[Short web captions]

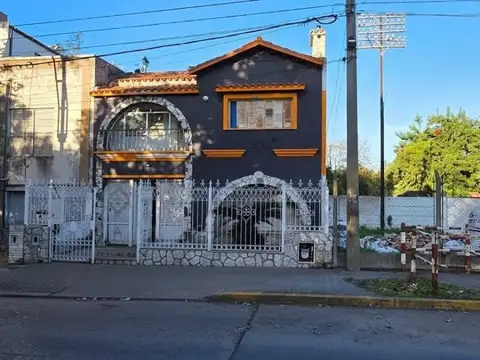 AMPLIA CASA DE 2 PLANTAS 3 DORMITORIOS SOBRE BV. OROÑO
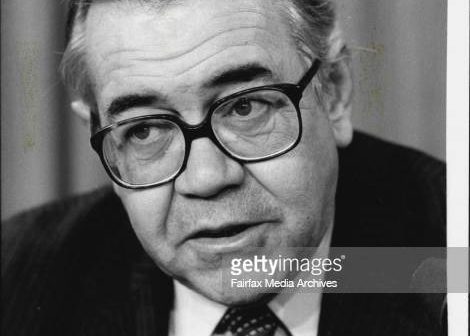 Bradford Morse, chefe executivo do programa de Desenvolvimento da ONU, chegou a Sydney, em visita à Austrália e Nova Guiné. 14 de fevereiro de 1979. (Foto de Antony Matheus Linsen/Fairfax Media via Getty Images).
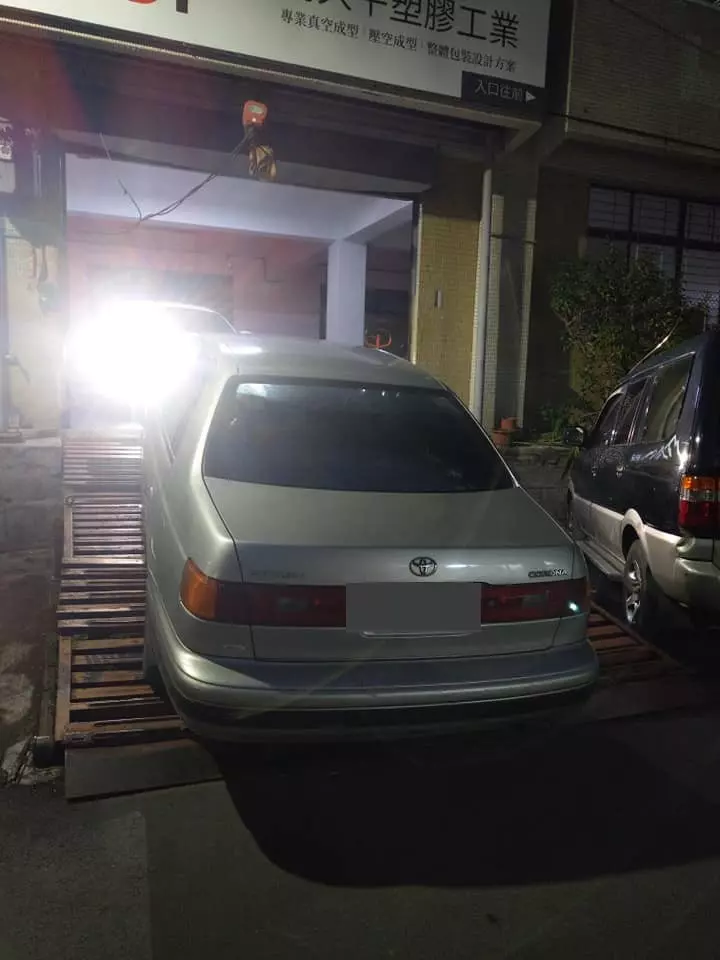 轎車亂停大門!全公司「苦等2小時」不能下班 狂撥電話「車主現身解釋」員工卻喊:我們會反省...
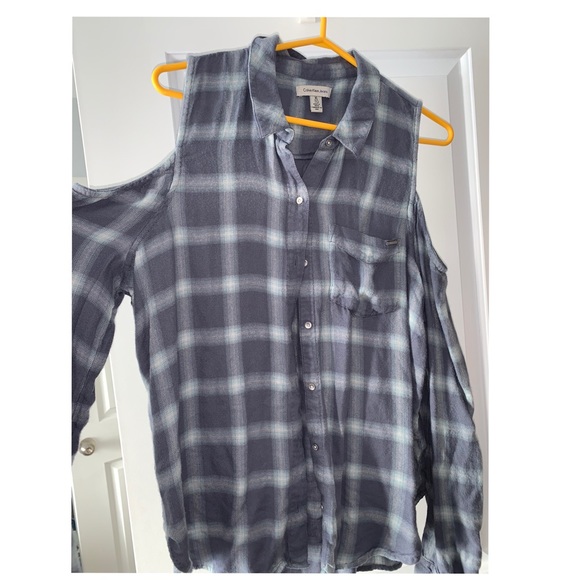 🌟CALVIN KLEIN Open shoulders flannel🌟 - Picture 2 of 3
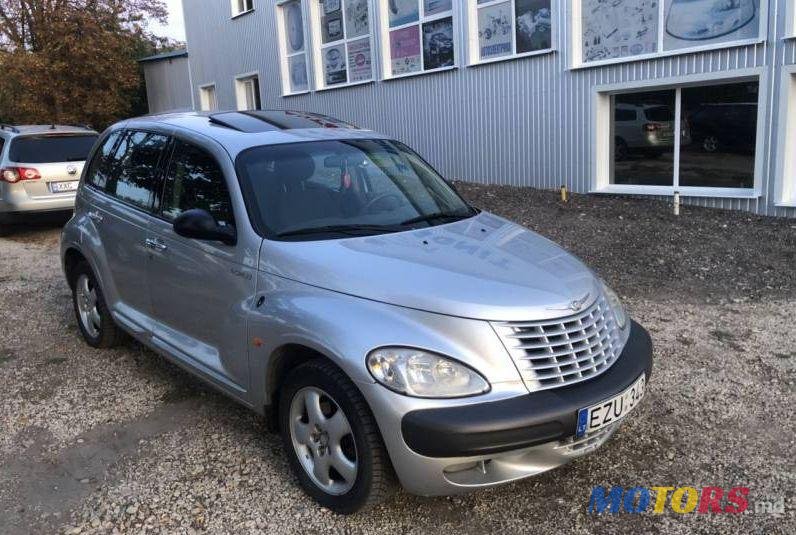 2002' Chrysler Pt-Cruiser photo #2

> Your task
Copy word for word each line of the data above, from the first through the one containing "Bradford Morse, chefe", and include no pictures.

> Finished exercise
 AMPLIA CASA DE 2 PLANTAS 3 DORMITORIOS SOBRE BV. OROÑO
 Bradford Morse, chefe executivo do programa de Desenvolvimento da ONU, chegou a Sydney, em visita à Austrália e Nova Guiné. 14 de fevereiro de 1979. (Foto de Antony Matheus Linsen/Fairfax Media via Getty Images).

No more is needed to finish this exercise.